Unsolved 1991 disappearance in Missouri, US

Charles Arlin Leon Henderson (March 16, 1980 – disappeared July 25, 1991) is an American missing person who disappeared in Fountain N' Lakes, Missouri, on July 25, 1991, aged 11.

== Disappearance ==
Henderson was born on March 16, 1980, in Moscow Mills, Missouri, the son of Debbie Henderson-Griffith. As said by Debbie in a 2025 interview, he enjoyed swimming and shooting BB guns. He was last seen at 5 p.m., on July 25, 1991, after leaving his home in Fountain N' Lakes, on bicycle. He was wearing a camouflage tee shirt and pants, gray socks and black tennis shoes.
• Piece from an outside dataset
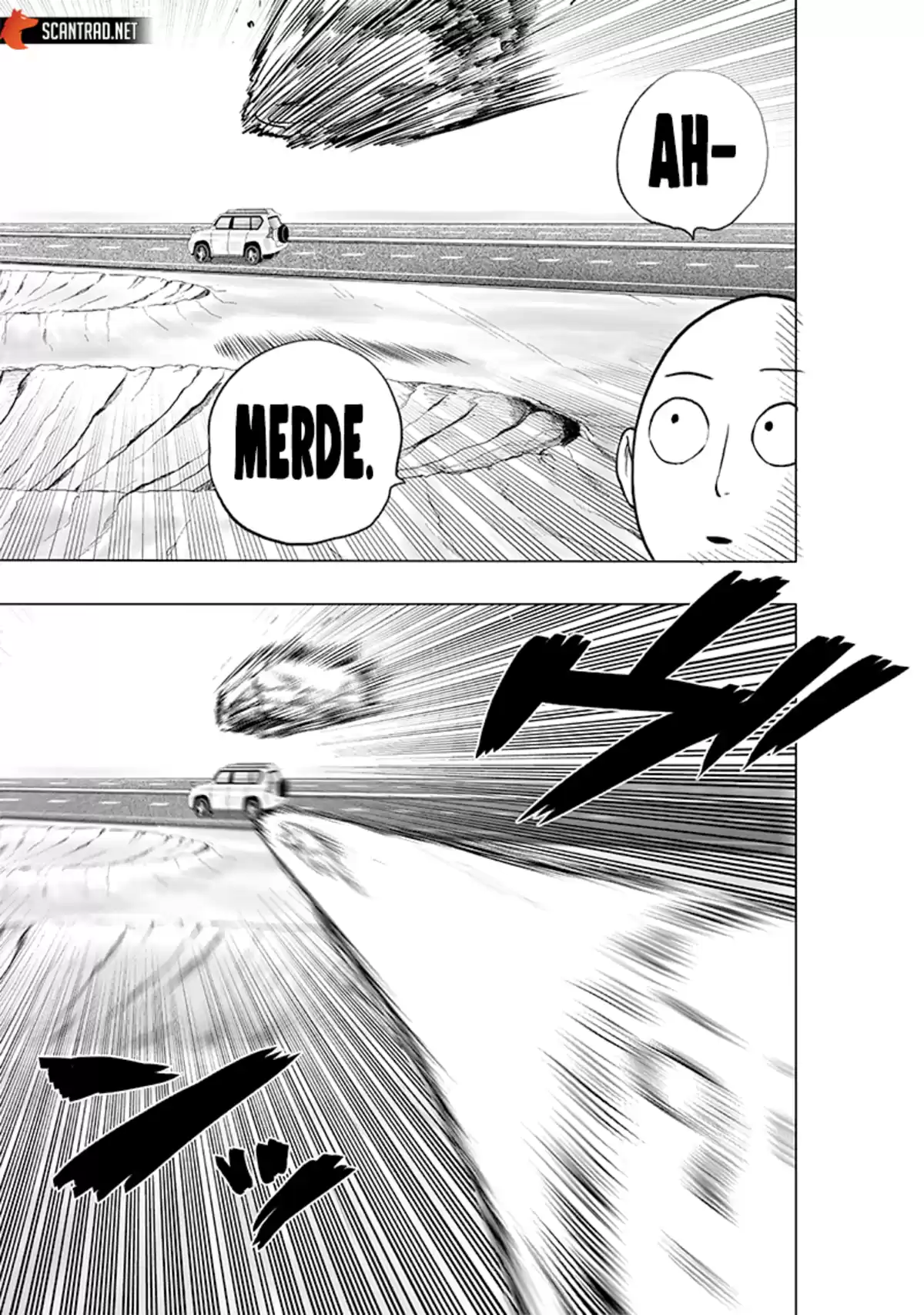 One-Punch Man Chapitre 179 page 30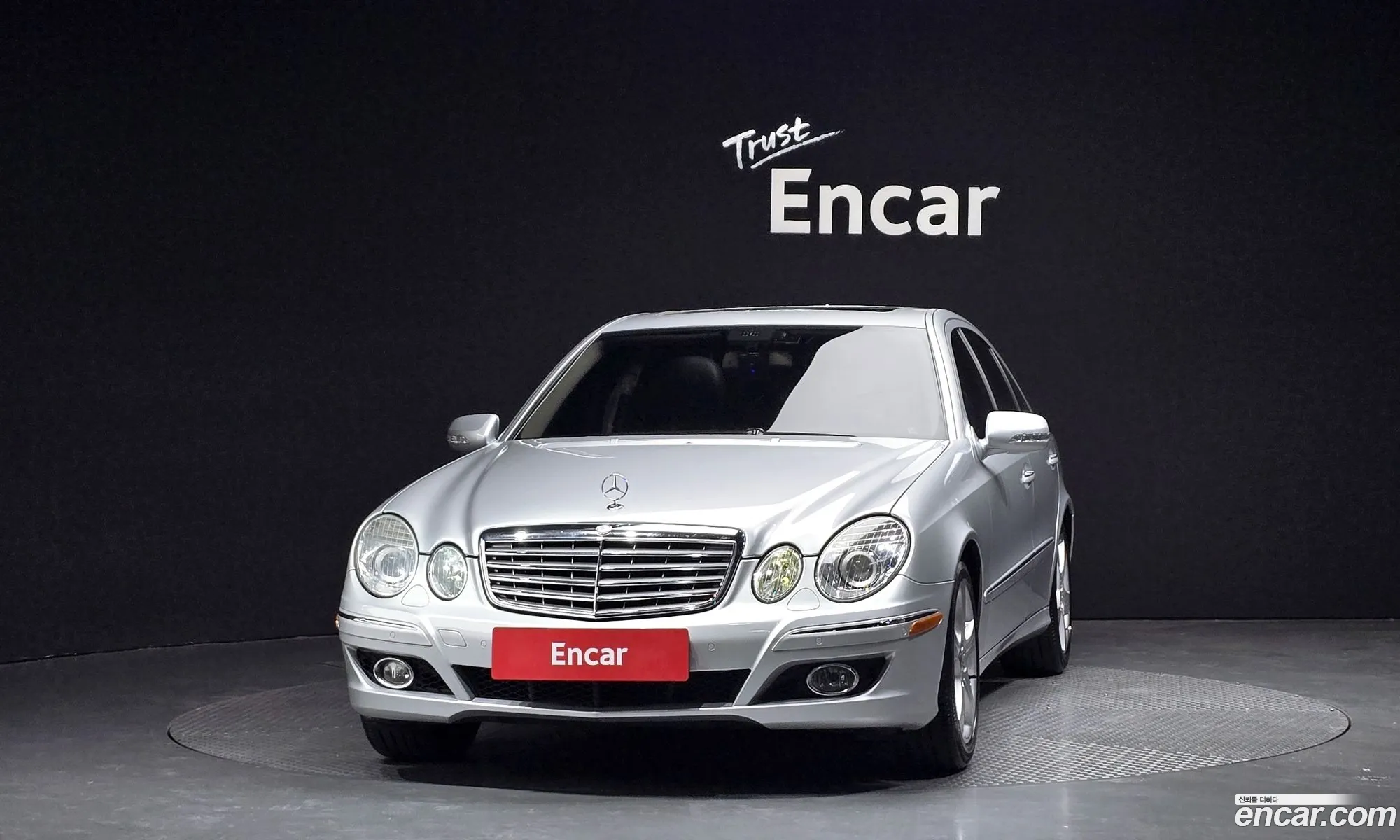 Mercedes-Benz E-Class W211 2009 WDBUF54X69B432838 — 5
His bicycle was found on October 10, in a bean field approximately 5 miles north of his home.

On March 10, 2000, Henderson's sister Joy Henderson-Leonard, was murdered by her husband, Bob Leonard, who subsequently committed suicide.

In 2001, Joshua Spangler, who was 13 at the time of Henderson's disappearance, confessed to abducting and killing Henderson after being forced to by two men. He later admitted to fabricating the story, and was charged with perjury.

Months before his disappearance, Henderson's uncle, James McWilliams, said he witnessed a tall, skinny man taking pictures of Henderson outside his school. This man is believed to have been Michael J. Devlin. Multiple of Henderson's relatives were shown pictures of someone who claimed to know Devlin, with many saying they knew him.

Henderson's case is one of two active missing person cases in Lincoln County, Missouri, alongside that of Bianca Piper, who disappeared in Foley on March 10, 2005, at the age of 13.